Capitan Municipal of Santa Maria

Personal details
- Born: José Juan Serapio 1834 Bagbaguin, Santa Maria, Bulacan, Captaincy General of the Philippines
- Died: October 1, 1924 (aged 89–90)
- Occupation: Military officer, politician, landowner

= José Juan Serapio =

José Juan Serapio (1834 – October 1, 1924) was a Filipino military officer, politician, and landowner who served as the 3rd Governor of the province of Bulacan from 1900 to 1901 during the Philippine-American War. A native of Santa Maria, Bulacan, he is recognized as a key historical figure in his hometown for his political leadership and philanthropic contributions to the local education system.

== Early life and military career ==
Born in the barrio of Bagbaguin in Santa Maria, Bulacan, Serapio belonged to a prominent local family. Prior to his involvement in the Philippine Revolution, he served as the Capitan Municipal (Municipal Captain) of Santa Maria during the latter part of the Spanish colonial period. Local historical records from the provincial government describe him as a "towering disciplinarian" and an "imposing leader."

When the Philippine Revolution broke out against the Spanish colonial government, and subsequently during the Philippine-American War, Serapio served as a high-ranking officer in the revolutionary army. He held the rank of Captain, and later Colonel, leading local Filipino forces.

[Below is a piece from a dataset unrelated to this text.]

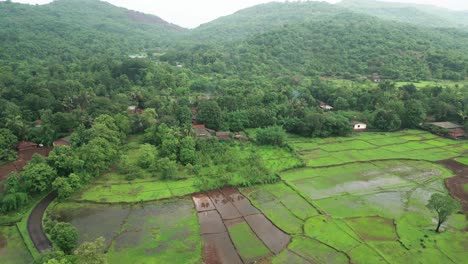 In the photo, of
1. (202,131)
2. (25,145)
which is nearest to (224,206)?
(202,131)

According to the National Historical Commission of the Philippines (NHCP), his leadership was influential enough that local Filipino clergymen, such as Rev. P. Victorino Lopez, the first Filipino parish priest of the Quingua Church (now Plaridel), joined the revolutionary movement and served as leaders directly under Serapio's command.

== Governorship ==
As the First Philippine Republic sought to establish provincial governments amidst the ongoing conflict with American forces, Serapio was appointed as the third Revolutionary Governor of Bulacan. He succeeded Brigadier General Isidoro Torres and served from 1900 until 1901. His tenure was marked by the difficult transition from the revolutionary government to the incoming American civil administration. Following his term, he was succeeded by Pablo Tecson, who became the first Bulacan governor to serve under the established American colonial rule.

== Legacy ==
Serapio is best remembered today for his contributions to the public education infrastructure of Santa Maria, Bulacan. In the mid-20th century, as the local population rapidly expanded, the residents of Barrio Catmon required a larger public school facility. Serapio, acting as a major local landowner, donated a one-hectare parcel of land to the government for the construction of a new semi-permanent, three-room school building.

The school, which originally began formal education in 1946 under the name Catmon Elementary School, was subsequently renamed Jose Juan Serapio Elementary School in his honor. Today, it remains a central educational institution in the municipality, commemorating his dual legacy as a revolutionary governor and a benefactor of local education.